A leader of the Cherokee Nation is warning Speaker Mike Johnson (R-La.) to avoid a government shutdown, saying it would have a “devastating” impact on Indian Country and the Cherokee Nation in particular.

A partial shutdown will begin March 2 unless Congress takes action to extend funding. Appropriations covered by the Agriculture, Energy-Water, Military Construction-Veterans Affairs, and Transportation-Housing and Urban Development bills would be the first to expire, with other appropriations running through March 8.

Congress is on recess, and the House is not set to return to Washington, D.C., until just before the first deadline.

“As the Principal Chief of the Cherokee Nation – the largest tribal nation in the United States with citizens living in every state across the country, including Louisiana – I write to draw your attention to the devastating impact that a federal government shutdown will have not only on Cherokee Nation in particular, but also for Indian Country as a whole,” Chuck Hoskin Jr., the Cherokee Nation principal chief, wrote in the letter to Johnson.

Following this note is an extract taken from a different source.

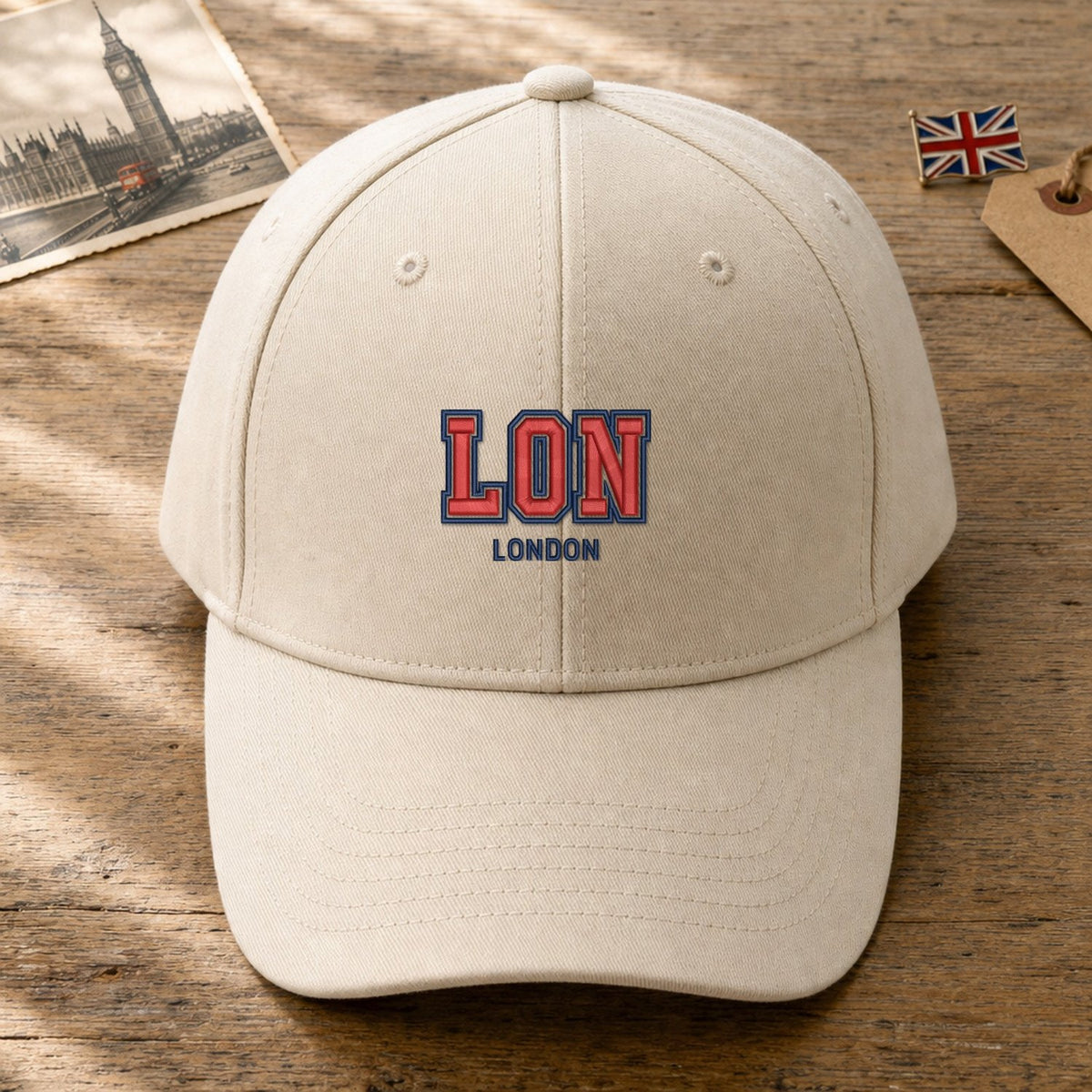LON Puff Cap embroidery design stitched on a natural structured baseball cap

The letter was addressed to Johnson on Feb. 14, ahead of the annual National Congress of American Indians in Washington. He urged Johnson to “take this danger into account” as the March 1 and March 8 deadlines to pass funding bills approach.

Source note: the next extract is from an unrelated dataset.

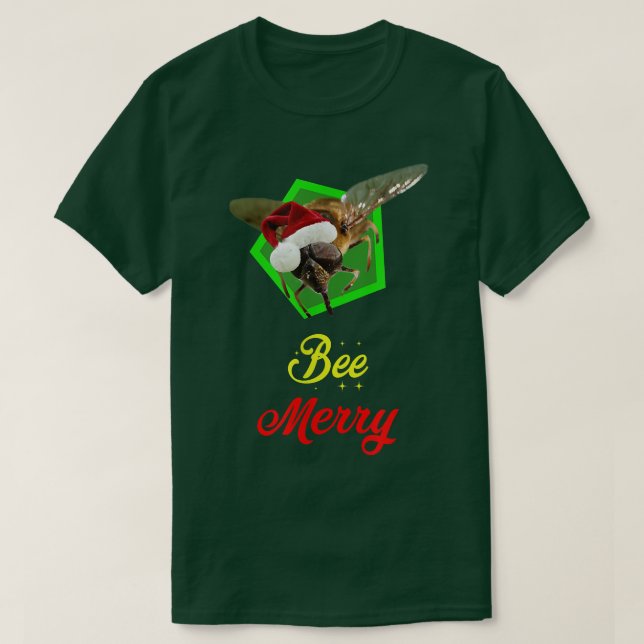 Camiseta Abelha Feliz A Abelha De Natal Ocupada (Frente do Design)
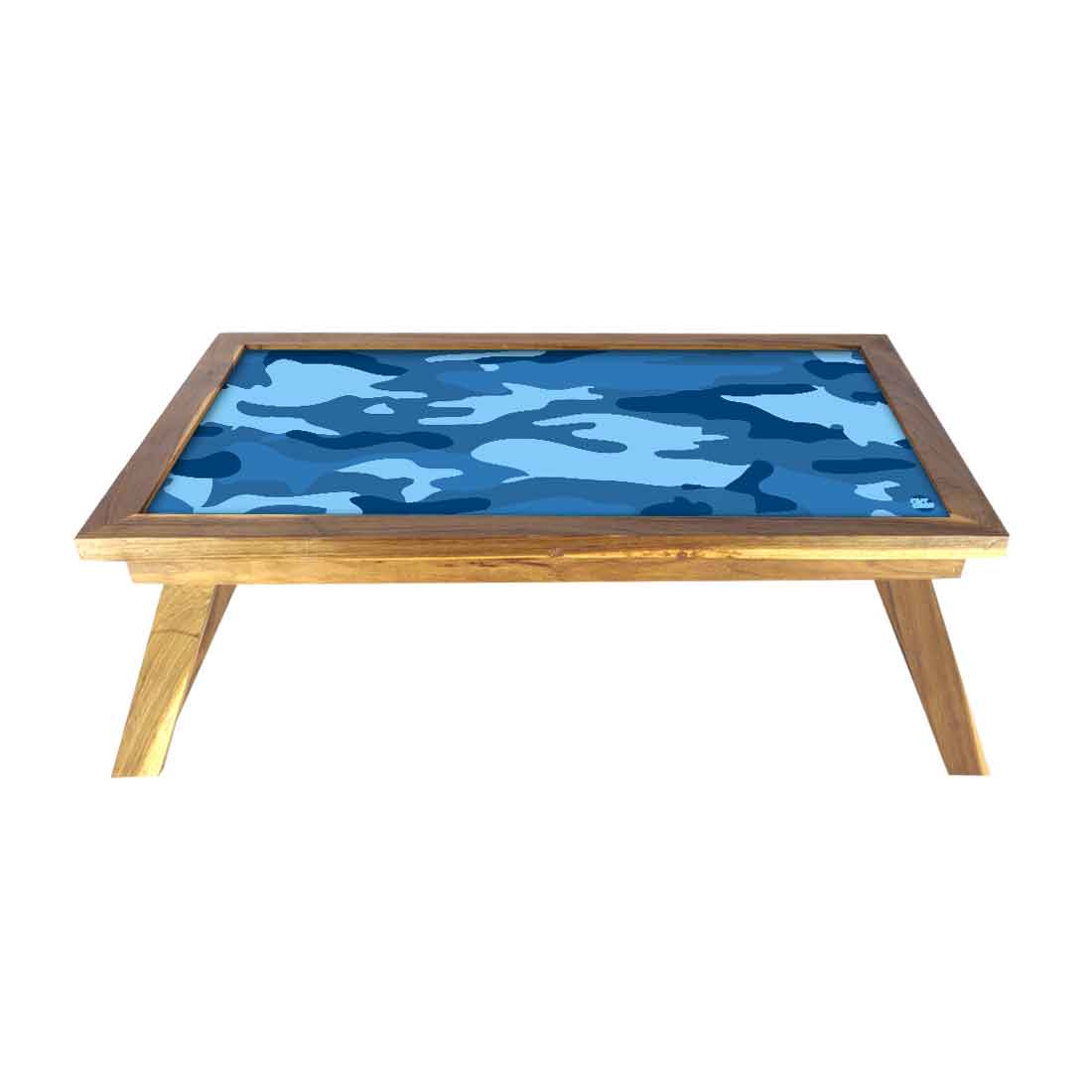 Nutcase Designer Lapdesk Breakfast Tray Table for Bed Teak Wooden Study Desk - Army Camouflage Blue Nutcase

Hoskin emphasized that essential tribal services such as health care, education programs and public safety that are funded by federal money will “be severely curtailed if Congress fails to keep the government open.”

“These services are not luxuries but lifelines that maintain the health, culture, and safety of our people,” he wrote in the letter, first reported by The Washington Post.

If the federal government were to shut down, Hoskin said more than 142,000 Cherokee Nation citizens will not be provided with groceries, nearly 13,000 people will lose access to diabetes medication and cancer treatment and more than 1,000 will not be able to continue workplace training programs. He added that detention agreements “will have to be canceled,” which could release 85,000 “criminals before their sentences are served.”

Hoskin argued that if the federal government shuts down, it disrupts the Cherokee Nation’s ability to exercise sovereignty because it “cannot fully administer the programs that are central to our self-governance.” He added that the same is true for all tribal nations in the country, which will greatly feel the effects of a shutdown.

“I implore you, as Speaker of the House, to consider the broader implications of a government shutdown on Indian Country,” he wrote. “It is critical that the United States honor its commitments and responsibilities by finding a resolution that averts this crisis.”